Foster an Incentive-Driven, Not a Regulation-Driven, Approach

The NRC report questions the current regulatory structure that governs Klamath basin fisheries management. In addition to calling for oversight of current federal agency management, the NRC report recommends that the management structure for ecosystem restoration needs to involve local groups and private landowners in the design of restoration activities and investments. The report urges federal management agencies to recognize the nature of incentives in the ESA for private landowners to participate in ecosystem recovery. The report confirms observations of many landowners in the Upper Klamath Basin: the regulatory approach of implementing the ESA, as opposed to the use of incentives that would encourage landowners to promote the welfare of species, is viewed by landowners as more stick than carrot. It concludes:

"This perception could be changed by cooperative arrangements that promote the welfare of the listed species without threatening landowners." (emphasis added).

Conclusion

To solve the problems of the Klamath River watershed, we need a coordinated management program that spans two states in a watershed that is characterized by a strong federal presence. Competition among stakeholder groups – including four tribes, agricultural water users, and countless environmental groups – is fierce. In order to be successful, we need to better understand the real state of the watershed by developing the facts and best possible information to make the best possible decisions. Environmental sensationalism – like that promoted in the wake of the 2002 fish die-off - scare the public and make us more likely to spend our resources and attention solving phantom problems while ignoring real and pressing issues.

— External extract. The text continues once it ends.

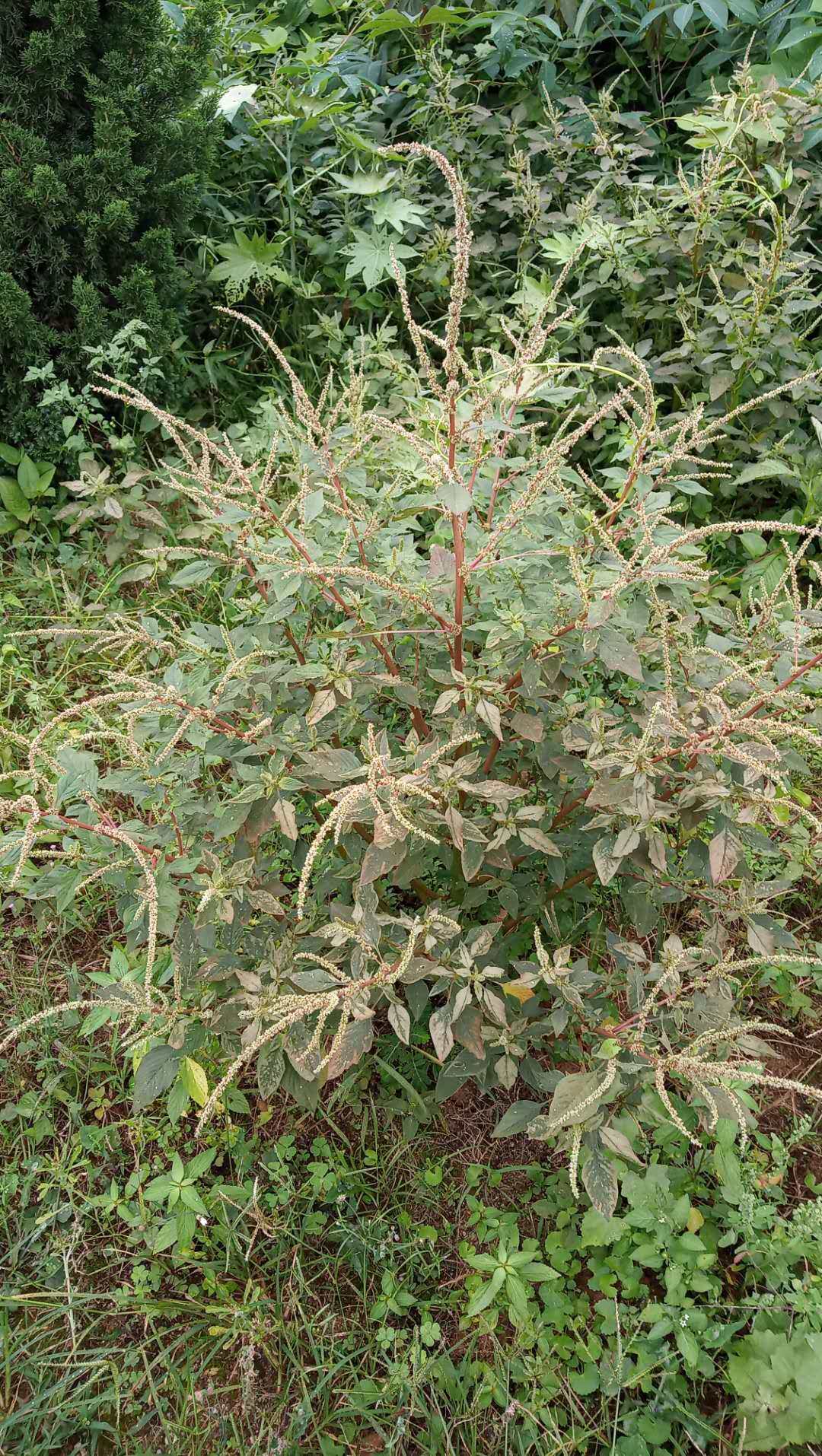 包邮潮汕青草草药野生现采新鲜刺苋苋菜猪母其它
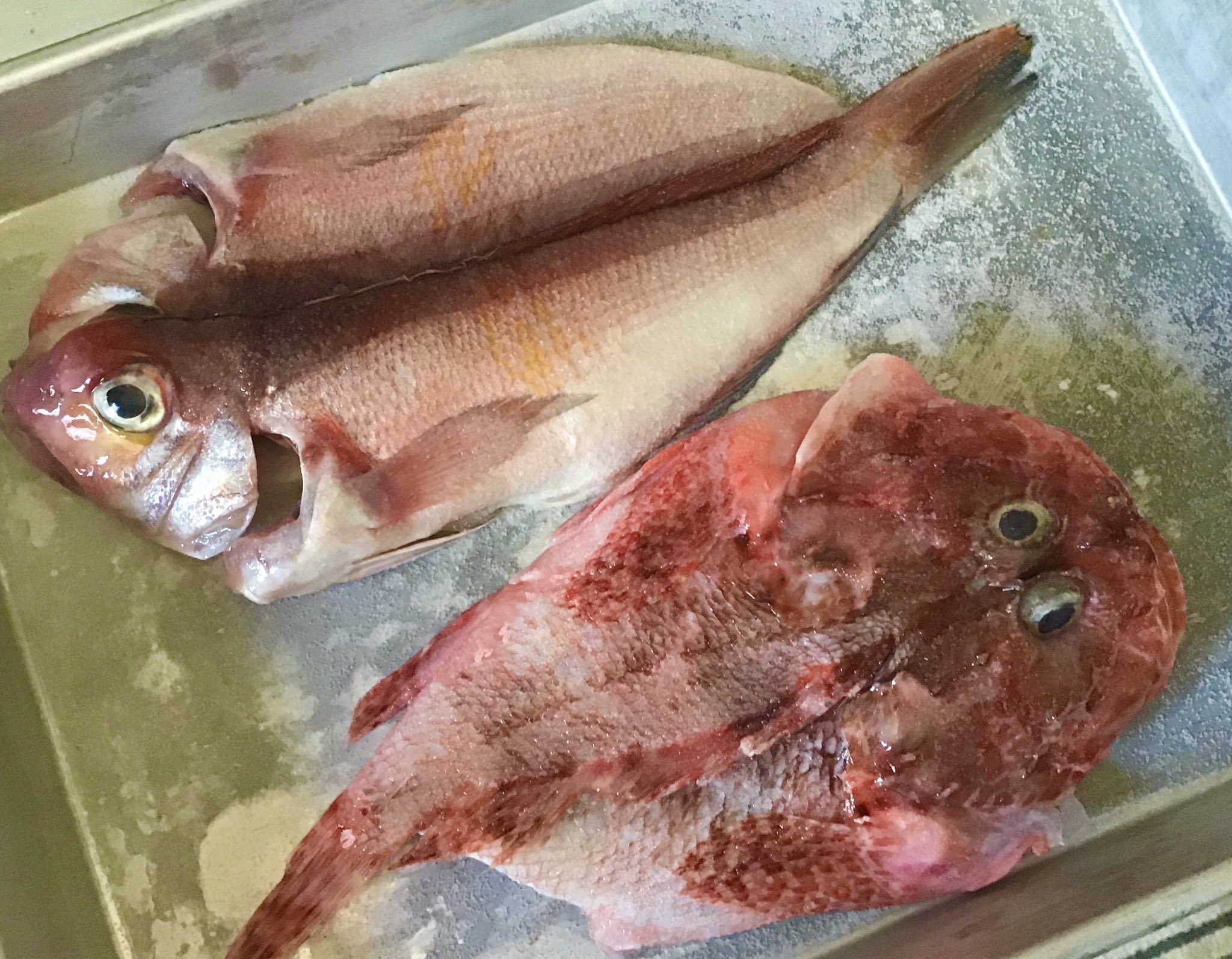 まきゃ 干物製作中 甘鯛 鬼カサゴ 自家製干物は旨い 魚は干物に限る T Co 1xt6h48a7n Twitter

We can all thank the Bush Administration for having the courage and commitment to tackle this very contentious issue. I am puzzled by critics who claim that this administration discards sound science for politics. What we’ve seen here in the past three years tells a different story. The Bush Administration in 2001 was literally handed opinions that shut down our family farms, and in fact, implemented those opinions. The Secretary of Interior later in the year asked the premier independent science body in the land to assess what happened and to provide long-term recommendations. With a final report in hand, the Administration stepped up, and, in the FY 2005 budget request, asked for $105 million to tackle programs throughout the watershed, consistent with the NRC Committee findings. So – tell me again - what’s wrong with this approach? The answer is – nothing. It’s how you manage business using a watershed-wide approach.

We hope the NRC report can be used as a catalyst to improve the collaboration required to address the basin-wide problems we face. We know we can develop locally derived solutions to address most of the NRC report recommendations. We should do this together, and not wait for the government or outside interests to do it for us. It's the only way we can protect the economic livelihood of our communities.

National Research Council . 2003. Endangered and Threatened Fishes in the Klamath River Basin – Causes of Decline and Strategies for Recovery. Washington, D.C.; National Academy Press.